Tuesday 16 December 2014

Understanding DFS replication processes and what to do if it stops working

First of all, a quick introduction to Microsoft's DFSR - DFSR was introduced in Windows 2003 R2 and is the mechanism used to replicate files between servers.  This is especially useful when you are using DFS namespaces to publish file shares as you want all possible targets in DFS to have the same files on them.  If you're now lost, you should probably go and read up on DFS concepts on Microsoft's sites.

Now on to the nuts and bolts of how the DFS Replication service works.

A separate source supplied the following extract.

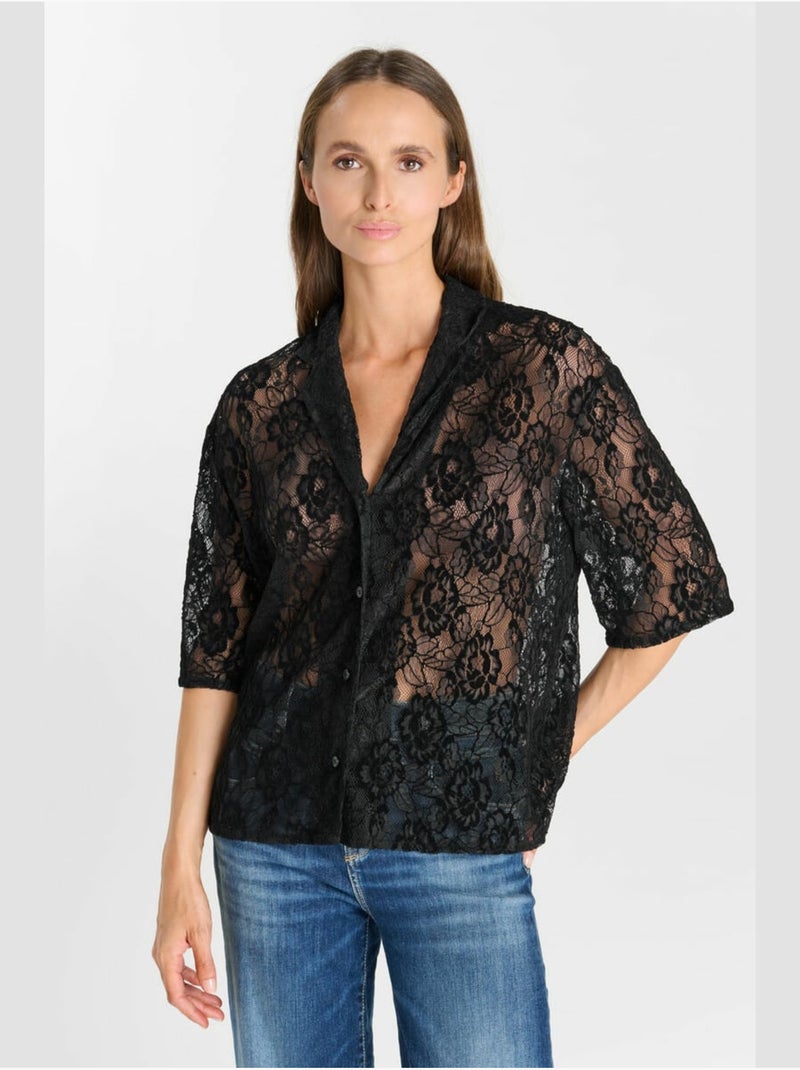 Camisa drazica Negro - Kiabi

The DFS Replication service maintains a database of filenames, paths and hashes in the system volume information\DFSR folder.  It also holds a copy of the database in memory when it's running.  There is only a single database *per drive letter*.  Do not mess with this!

DFSRPrivate is a symlink in each folder configured for replication which points to the DFSR database.
When the first member is added to a replication group, it’s designated primary and builds it’s database of file hashes.
During the build process it is marked as primary (check with dfsradmin membership list /RgName:xxxxx /Attr:MemName,RfName,IsPrimary where xxxxx is your replication group name - use the full path including the fqdn if present)
Once the database build is complete, the primary flag goes away and an Event 4112 is logged in the event log.  Also the replication state changes to 4.

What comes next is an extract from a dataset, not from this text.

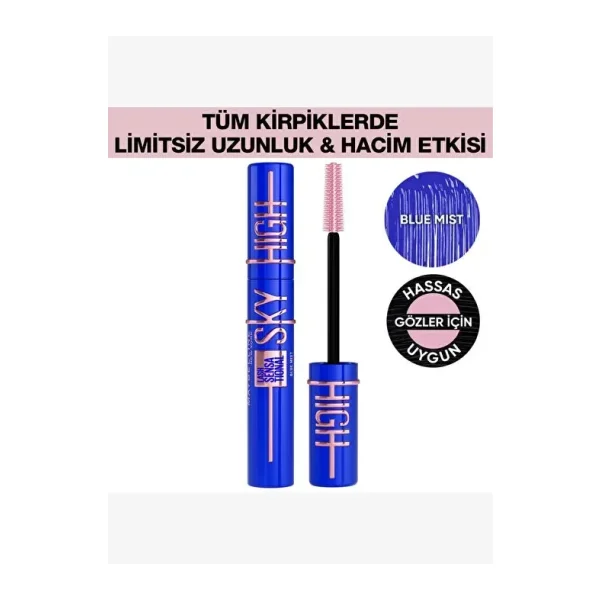 Maybelline New York Lash Sensational Sky High Mavi Maskara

e.g. (where dfsns is the namespace)

Before:
D:\>dfsradmin membership list /RgName:domain.local\dfsns\RepGroup1 /Attr:MemName,RfName,IsPrimary
MemName  RfName   IsPrimary
SERVER1 FOLDER1 Yes
D:\>Wmic /namespace:\\root\microsoftdfs path dfsrreplicatedfolderinfo get replicationgroupname,replicatedfoldername,state | find /I "FOLDER1"
FOLDER1      domain.local\dfsns\RepGroup1   0

After:
D:\>dfsradmin membership list /RgName:domain.local\dfsns\RepGroup1 /Attr:MemName,RfName,IsPrimary
MemName  RfName   IsPrimary
SERVER1  FOLDER1  No
D:\>Wmic /namespace:\\root\microsoftdfs path dfsrreplicatedfolderinfo get replicationgroupname,replicatedfoldername,state | find /I "FOLDER1"
FOLDER1  domain.local\dfsns\RepGroup1   4

If another server is introduced to the replication group while this process is happening, bad things ™ happen, so let it complete!  This can take several hours on very large servers.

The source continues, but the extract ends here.